From 36191b70a96c298ad07cf9a9384cc42764ea957e Mon Sep 17 00:00:00 2001
From: gbellato <gbellato@localhost>
Date: Wed, 22 Apr 2009 06:22:39 +0000
Subject: [PATCH] The replication publish information about the whole topology in cn=monitor When cn=monitor is searched, the replication therefore asks informations about the replication state to all Replication Servers. This should always be fast unless a server is hanged. In such case the replication waits for 5 seconds then issue an error message and goes on with the information it has received at this time.
---
opends/src/server/org/opends/server/replication/server/ReplicationServer.java | 115 +++++++++++++++++++
opends/tests/unit-tests-testng/src/server/org/opends/server/replication/service/ReplicationDomainTest.java | 2
opends/src/server/org/opends/server/replication/server/ServerHandler.java | 32 ++++-
opends/src/server/org/opends/server/replication/server/ReplicationServerDomain.java | 162 ++++++++------------------
opends/src/server/org/opends/server/replication/server/MonitorData.java | 31 ----
5 files changed, 196 insertions(+), 146 deletions(-)

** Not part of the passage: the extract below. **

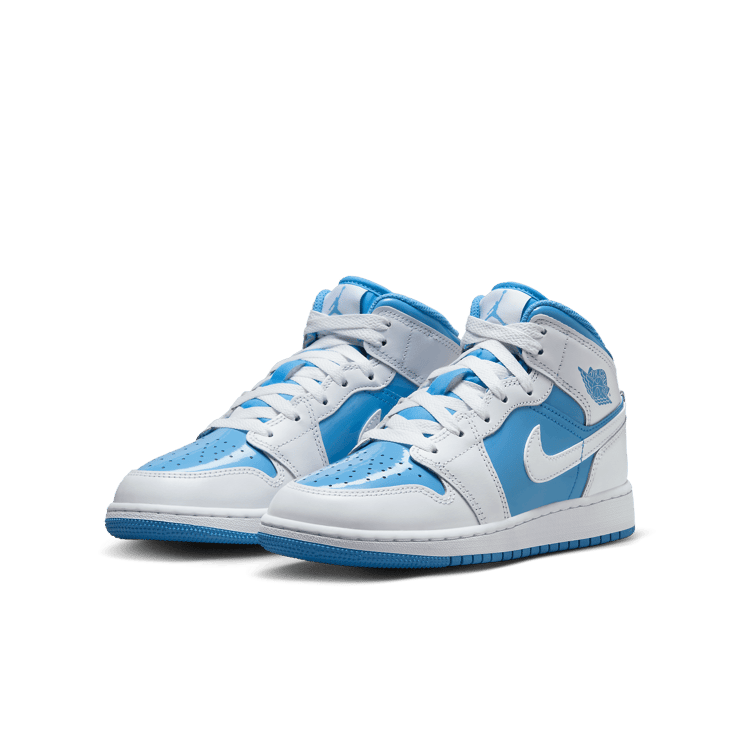 Air Jordan 1 Mid Legend Blue (GS) Angle 2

diff --git a/opends/src/server/org/opends/server/replication/server/MonitorData.java b/opends/src/server/org/opends/server/replication/server/MonitorData.java
index 0c96b2e..59f5e09 100644
--- a/opends/src/server/org/opends/server/replication/server/MonitorData.java
+++ b/opends/src/server/org/opends/server/replication/server/MonitorData.java
@@ -62,8 +62,6 @@
* date of the first missing change.
*/
- /* The date of the last time they have been elaborated */
- private long buildDate = 0;
// For each LDAP server, its server state
private ConcurrentHashMap<Short, ServerState> LDAPStates =
@@ -103,7 +101,7 @@
{
Long afmd = fmd.get(serverId);
if ((afmd != null) && (afmd>0))
- return ((this.getBuildDate() - afmd)/1000);
+ return (TimeThread.getTime() - afmd)/1000;
else
return 0;
}
@@ -243,7 +241,6 @@
TRACER.debugInfo(
"Complete monitor data : Missing changes ("+ lsiSid +")=" + mds);
}
- this.setBuildDate(TimeThread.getTime());
}
/**
@@ -255,7 +252,6 @@
{
String mds = "Monitor data=\n";
- mds+= "Build date=" + this.getBuildDate();
// RS data
Iterator<Short> rsite = fmRSDate.keySet().iterator();
while (rsite.hasNext())
@@ -281,10 +277,9 @@
ServerState ss = LDAPStates.get(sid);
mds += "\nLSData(" + sid + ")=\t" + "state=[" + ss.toString()
+ "] afmd=" + this.getApproxFirstMissingDate(sid);
- if (getBuildDate()>0)
- {
- mds += " missingDelay=" + this.getApproxDelay(sid);
- }
+
+ mds += " missingDelay=" + this.getApproxDelay(sid);
+
mds +=" missingCount=" + missingChanges.get(sid);
}
@@ -304,24 +299,6 @@
}
/**
- * Sets the build date of the data.
- * @param buildDate The date.
- */
- public void setBuildDate(long buildDate)
- {
- this.buildDate = buildDate;
- }
-
- /**
- * Returns the build date of the data.
- * @return The date.
- */
- public long getBuildDate()
- {
- return buildDate;
- }
-
- /**
* From a provided state, sets the max CN of the monitor data.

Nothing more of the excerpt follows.